**WORK TO COMPLETE**. Only one span of the material below is wanted. Output it exactly, from the line with "Algopix Similar Product" through the line with "Kanangra murs, Parc", without any pictures.

**INFORMATION**.
--- --- ---
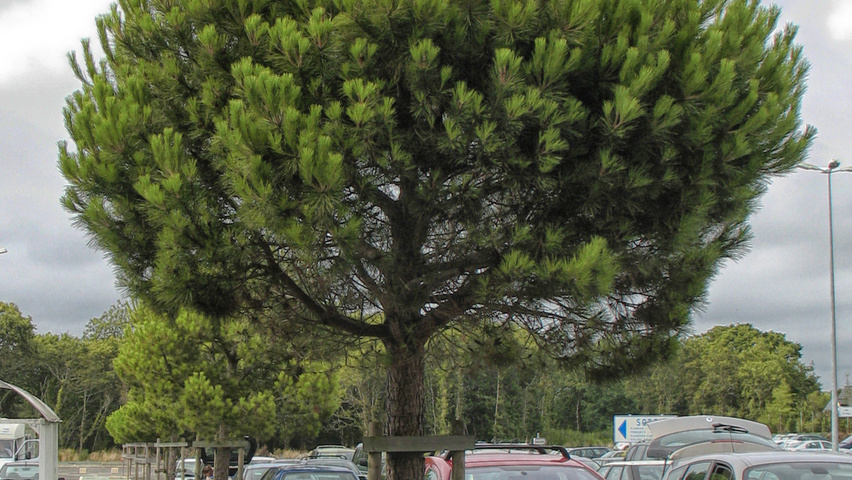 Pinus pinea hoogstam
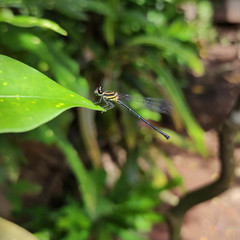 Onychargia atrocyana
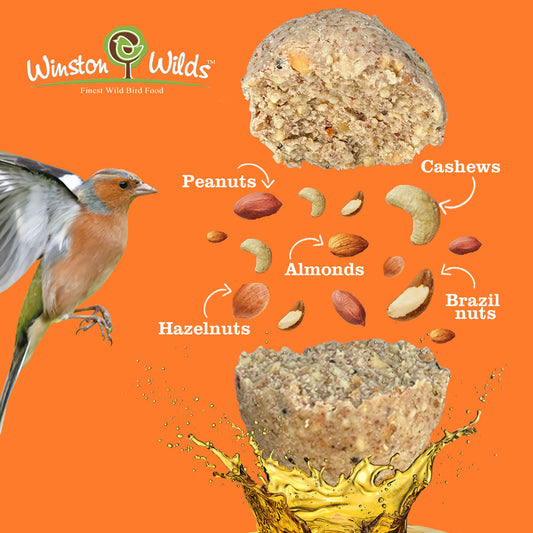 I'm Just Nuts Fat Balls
--- --- ---
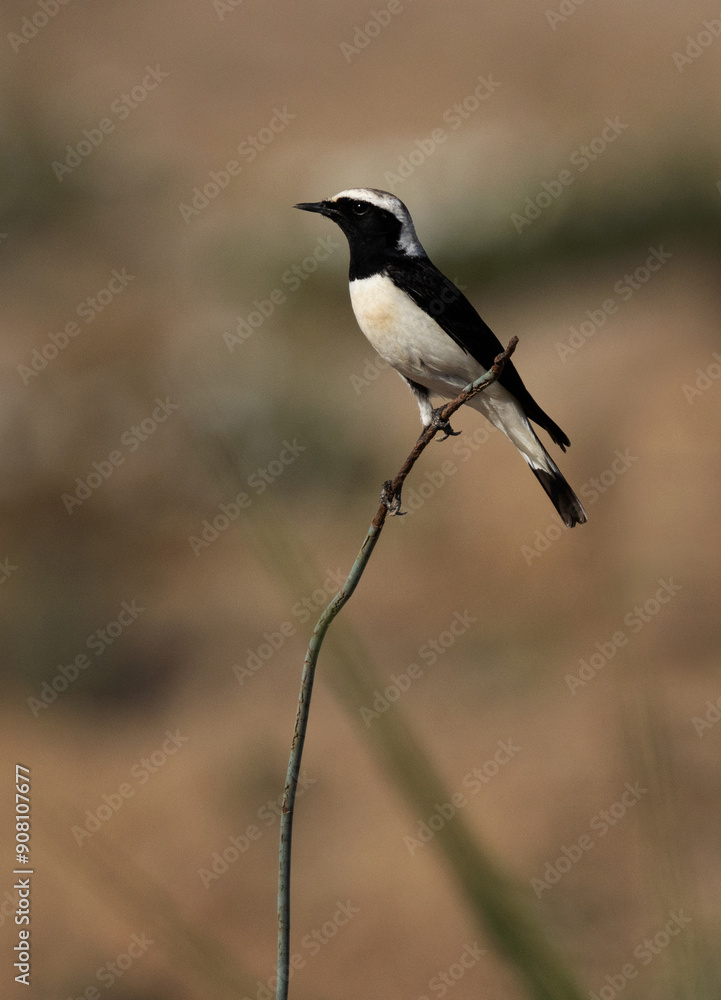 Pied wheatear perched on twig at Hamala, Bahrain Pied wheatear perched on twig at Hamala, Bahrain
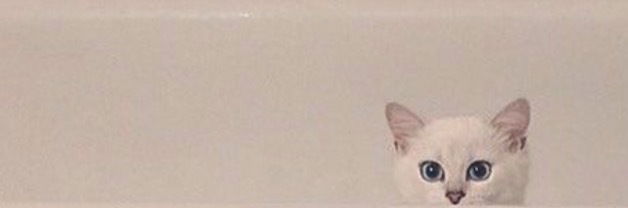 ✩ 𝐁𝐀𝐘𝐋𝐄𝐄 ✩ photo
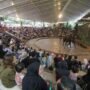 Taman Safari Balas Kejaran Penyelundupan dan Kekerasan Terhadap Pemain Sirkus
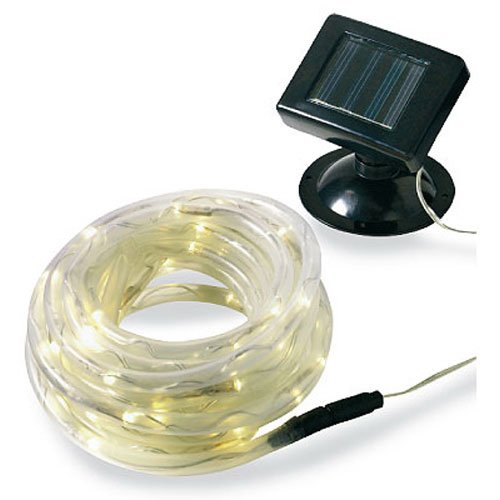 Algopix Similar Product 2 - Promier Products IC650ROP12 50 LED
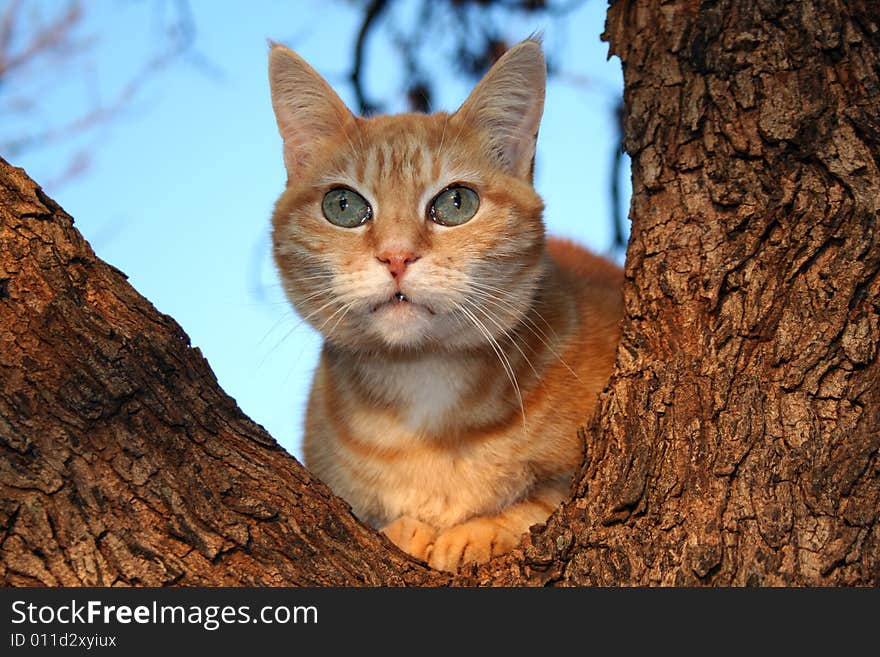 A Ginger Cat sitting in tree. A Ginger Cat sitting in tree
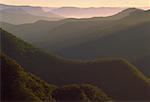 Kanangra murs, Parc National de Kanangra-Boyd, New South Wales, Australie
--- --- ---
**EXERCISE ANSWER**.
 Algopix Similar Product 2 - Promier Products IC650ROP12 50 LED
 A Ginger Cat sitting in tree. A Ginger Cat sitting in tree
 Kanangra murs, Parc National de Kanangra-Boyd, New South Wales, Australie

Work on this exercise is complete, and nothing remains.